Re: Ending a sentence with a preposition (and split infinitives)

Subject: Re: Ending a sentence with a preposition (and split infinitives)
From: Robert Justice <rjustice -at- INFORMIX -dot- COM>
Date: Tue, 24 Sep 1996 14:19:17 -0500

Steve wrote,

>Besides, if our brains are "hardwired"
>for one language, does that mean that we can't learn other languages equally

Yes, it means precisely that. The latest brain research (discussed just last
week on NPR, in fact) shows that in the first year of life, a newborn's
brain is EXTREMELY malleable and forms synaptic connections in direct
response to the language(s) used around him/her. If that baby is part of a
bilingual environment, he/she will develop separate synaptic connections for
each of the languages being spoken. Past the age of six or so (I forget the
exact age), the brain is far less malleable, and instead of forming a new
set of synaptic connections for each language, the brain will simply use the
same synaptic connections used for the native language. One unfortunate
result is that, however well you may study the grammar and diction of a
"foreign language," you will never be able to eliminate a spoken accent.
That accent is the result of your inability to hear or effortlessly hear
subtle distinctions of sound peculiar to the "foreign language." That
inability exists because you are using a set of synaptic connections that
were formed in direct response to your native language, instead of a
separate set of connections "hardwired" specifically for the "foreign language."
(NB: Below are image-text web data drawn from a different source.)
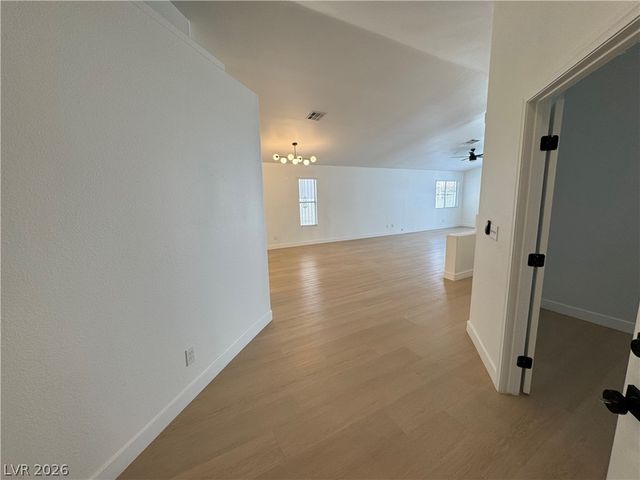 5534 Super Bowl Drive, Las Vegas, NV 89110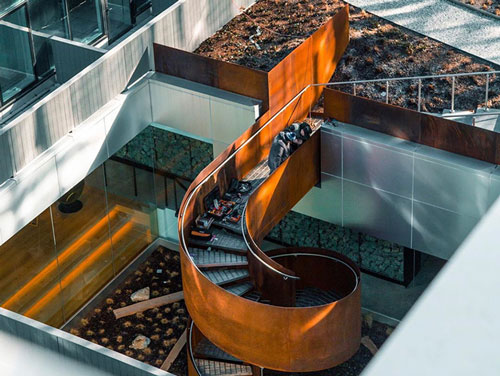 corten-staricase-spiral-designed-steel-steps
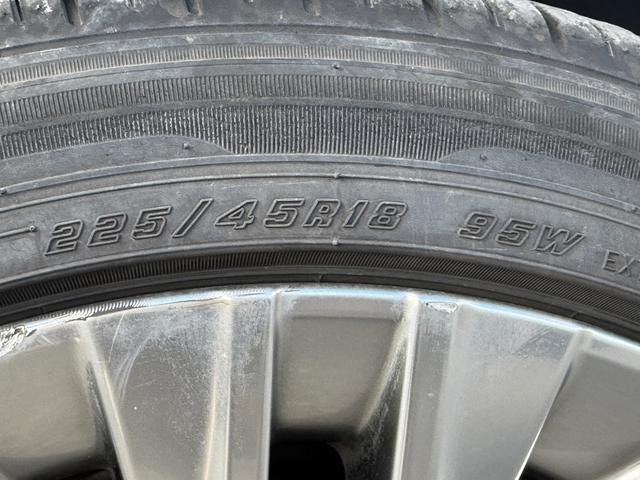 クラウンハイブリッド Ｓ　エレガンススタイル　禁煙車　純正ナビ　フルセグ　バックカメラ　ハーフレザーシート　シートヒーター　パワーシート　衝突被害軽減ブレーキ　アダプティブクルーズコントロール　クリアランスソナー　ＥＴＣ２．０　レーンアシスト（29枚目）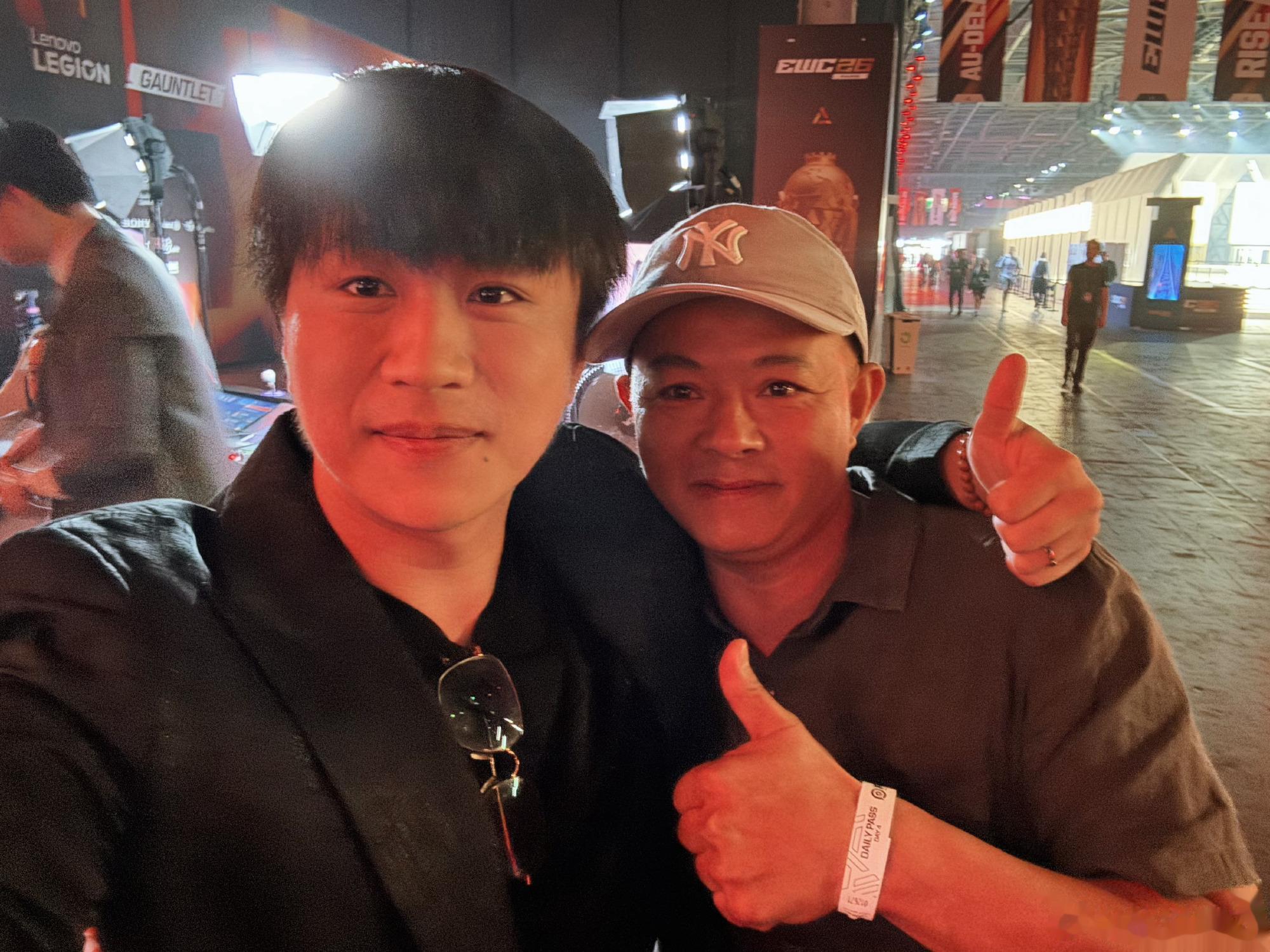 李九发布与一诺爸爸合照并配文：缘分，从一次意外失误开始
The sad fact is that once our brain is past this point of extreme
malleability, we are at a disadvantage in the acquiring of new languages.
This does not mean that we cannot be fluent, etc., but it does mean that we
cannot expect to learn said languages "equally well" in all the various
aspects of language acquisition.

>If one is of mixed ancestry, what languages are hardwired? No, I think that
>way lies trouble...

The "hardwiring" discussed above (ie. the influence of early synaptic
connections on language acquisition) has nothing to do with ancestry.
Instead, it is the result of the environment the child is raised in.

A side note: This discussion does not in any try to take sides on the wider
Nature vs. Nurture debate. The two are forever intertwined.